How does coll search for symbols?
If I use coll to store a lot of data where the indices are symbol names, how does coll search when I send it a symbol? Does it just go linearly or is there a way to do fast binary lookups?
I webscraped about 900 guitar chord tunings to use with a strummer object and I’m looking for the fastest way to retrieve chords by name.
The code for coll used to be published with the SDK. As I recall, it was a linear search.
OTOH, with modern hardware, a linear search through 900 items shouldn’t be all that slow. Also note that symbol matching, itself, is highly optimized. Once a symbol is "generated", it is represented by a 32-bit value, so matching is simply a comparison of 32-bit values (i.e., one subtraction and test for zero) rather than anything as ham-fisted as strcmp().
I have it working with coll now and it does seem reasonable so far. On the other hand, I’m not doing much else yet.
Last time I looked at searching algorithms (a long time ago) the switch over point between linear and binary was about 60-70 items so having over 800 entries seems prime for binary searching. Obviously, the faster the computer, the bigger the list you can get away with.
Is the source for coll available anywhere? I’d hate to start from scratch but modifying ‘coll’ to have a binary search version shouldn’t be a big deal.
Why not use dict instead? Random access is hash-based, so the lookup is super fast…
@ej: Point taken. Not that it makes much difference :-)

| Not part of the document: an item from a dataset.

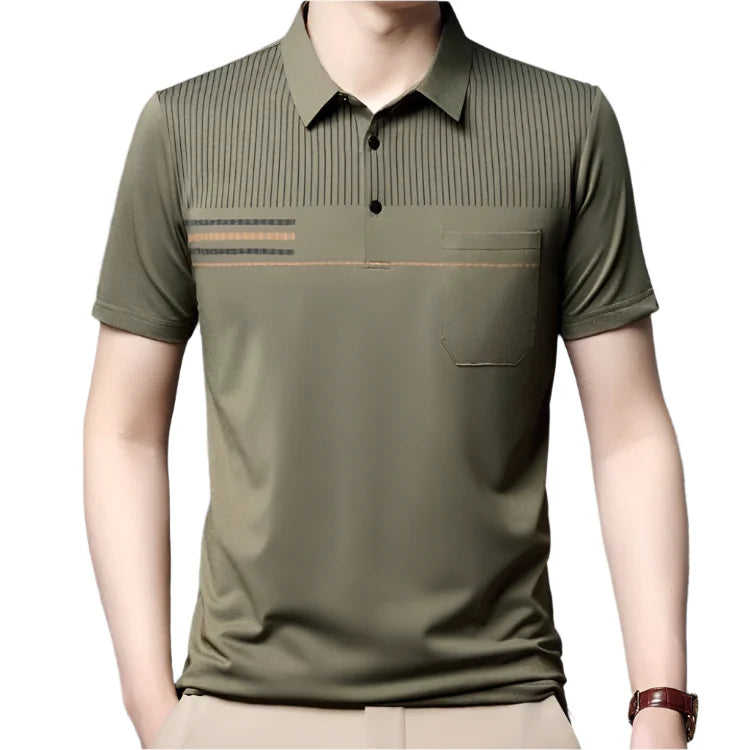 Camisa Polo Masculina Vormount VT148 com listras sutis, feita de algodão e poliéster, unindo conforto e estilo para uso diário.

Hey, why don’t you C74 guys add the code of coll back to the SDK, so we developers might reimplement it using dictionaries.
Good idea, right? ;)
Not with a one-off experiment. In some basic tests I just did this morning, I’ve determined it takes
0.0005ms to find the first item and
0.0051ms to find the last item (there are only 827 items in this list)
So in the short term I’m probably safe.